First of all, I'll have to check again around floating point calculation.Thank you.

jimdempseyatthecove · ‎03-30-2021

The default optimization of floating point methods may have varied since version 11 and 15. For instance, the trigonometric functions (sin, cos, etc...) and/or square root. This combined with as to if you compile using FPU or SSE/AVX/AVX512 instruction set. I am somewhat confident that given the same choices using both compilers that the results will be the same (for single threaded use).

Please note, that using SSE on version 11 verses AVX/AVX2/AVX512 using the newer compilers on newer architecture can reorder reduction sequences. IOW

sum = array(1:N)
vsSum1 = array(1:N:4)
vsSum2 = array(2:N:4)
vsSum3 = array(3:N:4
vsSum4 = array(4:N:4)
vsSum = vsSum1 + vsSum2 + vsSum3 + vsSum4

Depending on if, where, when round off errors occur, sum and vsSum may not be the same.

While you most likely won't code that way, a vector summation effectively performs in that manner (reductions occur across the width of the vector using a stride of the vector width).

Also, a similar effect occurs with OpenMP. Should you change the number of threads, then number of, and sizes of the partial sums vary, and thus should round off errors exist, they may occur at different places.

try adding option

/fp:precise or /fp:strict

Other options:

/Qprec improve floating-point precision (speed impact less than /Op)

/Qprec-sqrt[-]
determine if certain square root optimizations are enabled

/[no]fltconsistency
specify that improved floating-point consistency should be used

/Qprec-div[-]
improve precision of FP divides (some speed impact)

/Qfast-transcendentals[-]
generate a faster version of the transcendental functions

One of the first test (experiments) to do, is

Use /Qx<code> on the newer compiler wher <code> is instruction set (SSE2, SSE3, ..., AVX, ...) that is (was) supported by the older compiler.

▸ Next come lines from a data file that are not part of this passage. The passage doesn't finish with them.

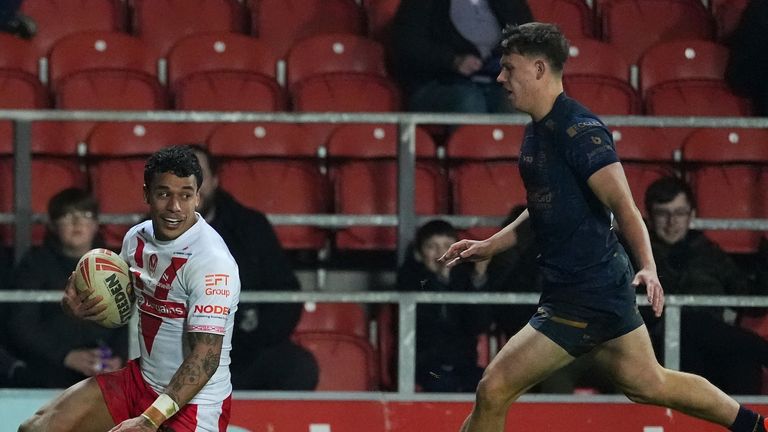 Picture by Olly Hassell/SWpix.com - 15/02/2025 - Rugby League - Betfred Super League Round 1 - St Helens v Salford Red Devils - The Totally Wicked Stadium, St Helens, England - Tristan Sailor of St Helens scoring his third try of the match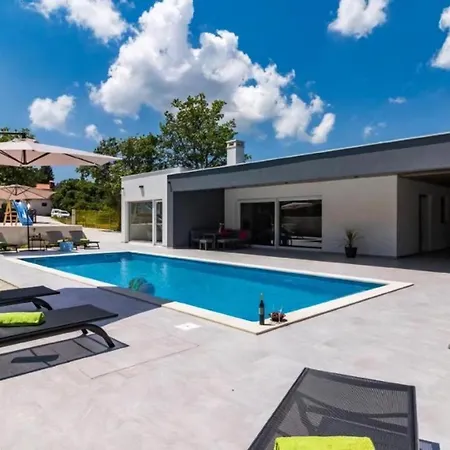 Holiday home Tolles In Mit Privatem Pool *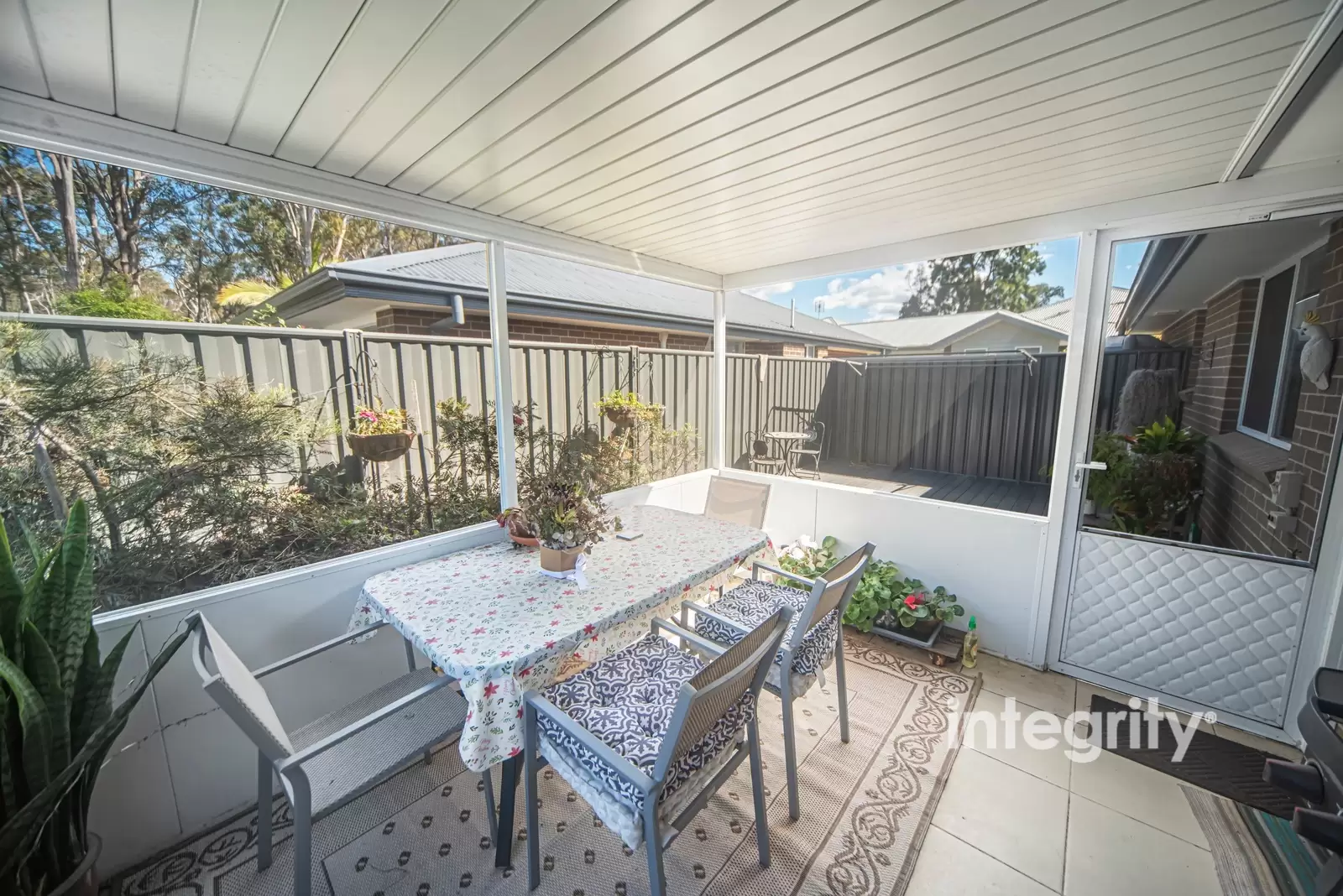 11/50 Isa Road, Worrigee Sold by Integrity Real Estate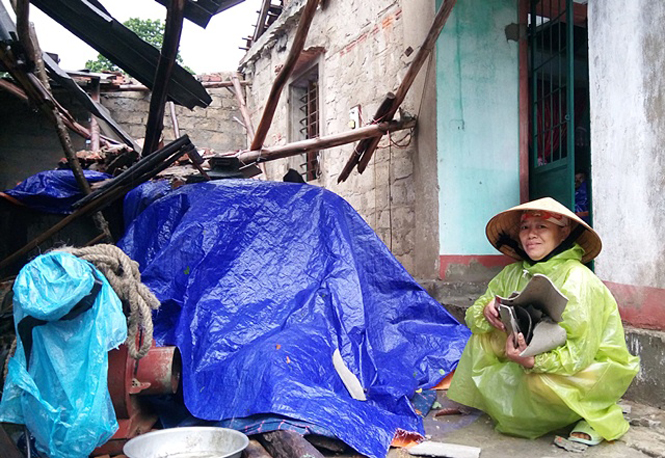 TP. Đồng Hới: Lốc xoáy làm tốc mái 32 nhà dân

Compile in debug build, with OpenMP stubs (or disabled, or set number of threads to 1).

Build using both compilers such that you can reasonably assure same instruction sets are used, (and same floating point methods). Then compare results.

Note, very old "gold" test results data files may have been generated using the FPU as opposed to the SIMD instruction sets. The internal precision of the FPU instruction set is higher than that of the SIMD instruction set. 80-bit vs 32-bit or 64-bit as the case may be.

Should you obtain the same or acceptable results, then gradually experiment with increasing the capabilities of each compiler version. Noting where changes occur.

Note, you can set different optimizations on different source files. Often the case can be that only one or two source files are found to be problematic.

Jim Dempsey

gib · ‎03-30-2021

Wasn't chaos theory kicked off by Edward Lorenz, when he found his climate model results were exquisitely sensitive to initial conditions? https://en.wikipedia.org/wiki/Chaos_theory

It doesn't come as a surprise that your model could be very sensitive to small variations in the results of some computations.

jimdempseyatthecove · ‎03-31-2021

>>Wasn't chaos theory kicked off by Edward Lorenz, when he found his climate model results were exquisitely sensitive to initial conditions?

aka The Butterfly Effect

A second cause for this behavior is caused by poorly written convergence routines where any small difference in round off error causes a significant number of different iterations of your convergence routine. In some cases this is noticed by failure to converge.

Also, be mindful that should the (large?) discrepancy be due to round off errors (as opposed to precision differences correctable using options), then this should bring in to doubt of the accuracy of your assumed correct results files.

Jim Dempsey

Jin-yongKim · ‎03-31-2021

Hello, Gib.

Thank you for your kind reply.

As you said, if the initial conditions change, the results of the experiment could change. I'll check the floating point calculation first.

But thank you again for reminding me of the good contents.